Helechos marinos que ascendían triunfales por las patas del camastro.
Horroroso.
De todos
conocido cómo flotaban y cómo venían de maltrechos los cadáveres que el mar en
masculino arroja a la costa. Acorchados y rellenos de centollos carnívoros que
se entretenían en conciertos para costillar mondo y lirondo. Y los más que
traían las calaveras con las cuencas deshabitadas y el pelo enredado entre rollizos
camarones. Esas eran infantiles desazones…
Contaba el
abuelo, que en gloria esté, que él en persona a golpes de remo se las vio con
un pulpo que era capaz de estrujar la barca y llevarla a los reinos sumergidos
del dios Neptuno con vela, palo mayor y aparejos… Todo, él incluido con su caja
de anzuelos para el arte del palangre.
¡Ah, el mar! A
la mar no hay quien la pueda, hijo. Y dicho esto repetía una y otra vez la
historia del pulpo gigante y el remo. A veces se le olvidaban detalles y otras
se permitía cambiarle algunos pormenores. Según el día y el público. Lo
invariable era la envergadura terrible del cefalópodo, que en llegando a la
descripción de semejante monstruo de las profundidades abría los brazos y respiraba
hondo, como un enorme pez luna, un cachalote de los grandes o más, según.
Era un
chapoteo pastoso de textura viscosa. Un mar fétido como las entrañas podridas
de los muertos que arrima a los acantilados. Un mar tullido, inerte que topaba
a cabezazos opacos en el litoral rocoso. Un mar que ya no era mar.
Se regodeaba
el viejo, entre el aguardiente y la manera de caminar a tumbos, tal que aún
estaba al timón de la barca, dando bandazos locuaces propicios para provocar
pesadillas a las criaturas. Audiencia ávida de pulpo gigante con grelos. Y el
abuelo no tenía empacho en exagerar. Metros y metros de tentáculos, que si a
uno de ellos se le antojaba –el abuelo desplegaba los brazos y subía el tono de
voz ,- impedía la pesca por la ría. ¡Qué miedo!

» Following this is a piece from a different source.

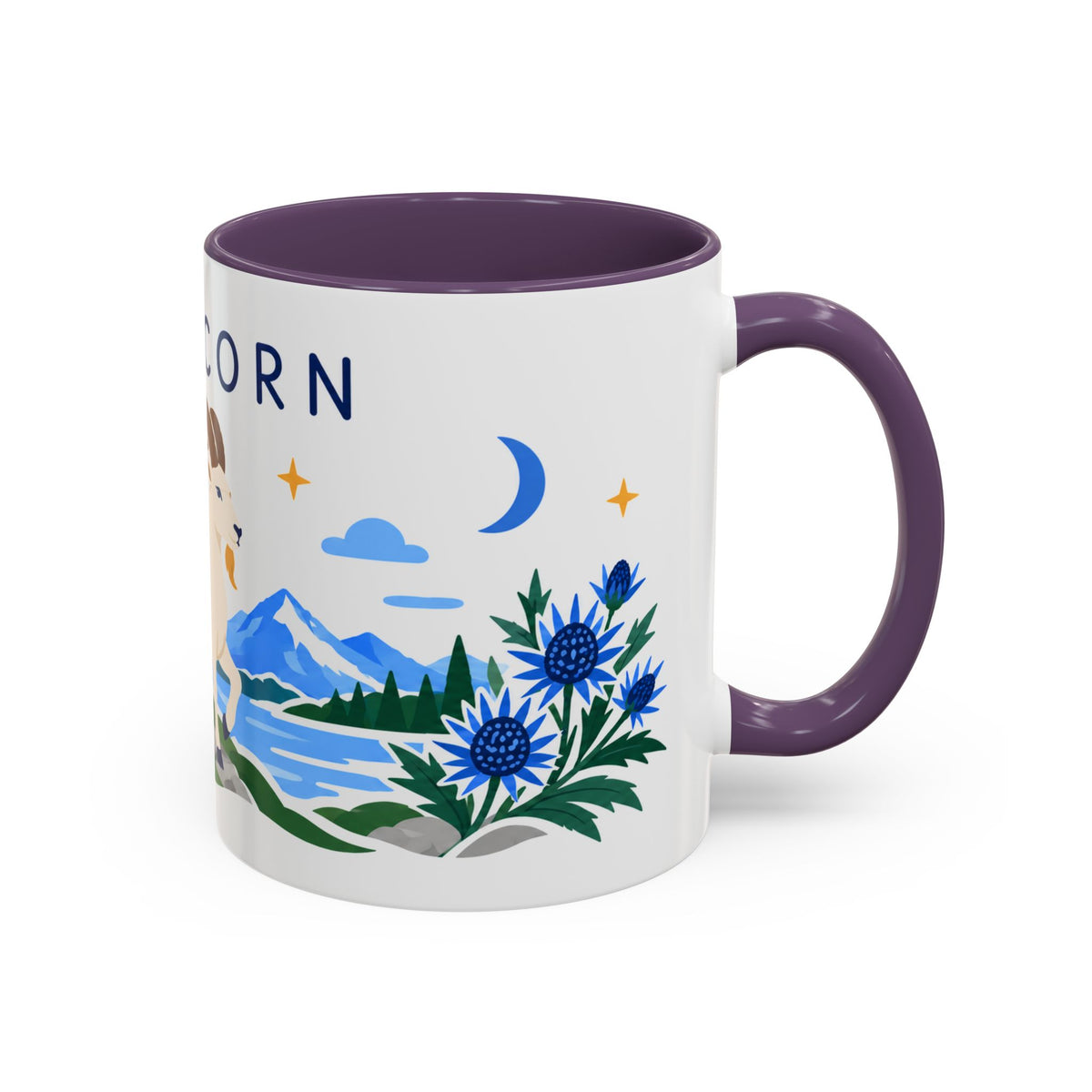 Capricorn Zodiac Coffee Mug | Sea Goat and Floral Design | Astrology Birthday Gift | 11 oz 15 oz Ceramic Accent Mug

Y los rapaces hechos un ovillo
se apretujaban por si se abría súbitamente la puerta de la taberna y aparecía semejante
alimaña con sus brazos infinitos de ventosas como platos.
Porque el mar
era vida, era misterio, era el azul irisado, eran gaviotas y, por encima de
todo, su trabajo y el medio de subsistencia desde que se perdía la memoria en
los tiempos de los pulpos gigantes del abuelo. La madre mar en femenino que
cobijaba, rugía y, a veces, engullía a sus hijos, un tributo que invariablemente
se cobraba sembrando de viudas el litoral. Costa de la muerte o fin del mundo.
Lo mismo da.
Un chapoteo
triste, de canción para el olvido. De nota fúnebre. Tenía un nudo en la
garganta, un tapón que contenía toda la rabia. Sólo impotencia porque los hombres
no lloran. O eso decían. Las piernas le rilaban y no acertó a gritar, emitió una
especie de quejido hondo que el puto chapoteo integró en el crepúsculo del día.
Decorado para el ocaso.
Se sentó en la
piedra del abuelo, desde donde jugaban a adivinar los destinos de los buques
con rumbo a América. El abuelo le tomaba el pelo con que si entornaba los párpados
podría vislumbrar los pañuelos de los que se marchaban. Sacudidas blancas de morriña
ondeando en el horizonte aventurero.
Donde se acaba
la tierra, el mundo, al filo del océano. Allí donde un precipicio cae en picado
y existe un corte a cincel, hay –decían, ya no el abuelo sino el maestro- un
formidable hoyo habitado por atlantes
y monstruos de peor calaña que los pulpos desmesurados. Recto por donde se pone
el sol –y el atardecer está siendo gélido y otoñal- existe el infierno de los piratas
lisiados y marineros en pecado, el lugar a donde van a parar los cadáveres que
el océano no devuelve. Un bache abrupto en la línea del horizonte por el que se
despeñaban los osados exploradores de tierras nuevas. Sostienen que hay un continente
bajo el mar con los peores martirios y las mayores penitencias que se puedan
relatar. Tierra de nadie que no conoce de purgatorios donde las liturgias no sirven
y a la cual las meigas no tienen acceso. Un lugar habitado por todas las naves
que la furia machorra de la tempestad se ha tragado.
Pero la
corriente venía escoltada por un chapoteo pastoso y sordo de olas cabezonas
cargadas de viles augurios nunca vistos.
Todo un negro
cortejo fúnebre.
Non esquecemos. Non á impunidade. Mareas negras Nunca Máis.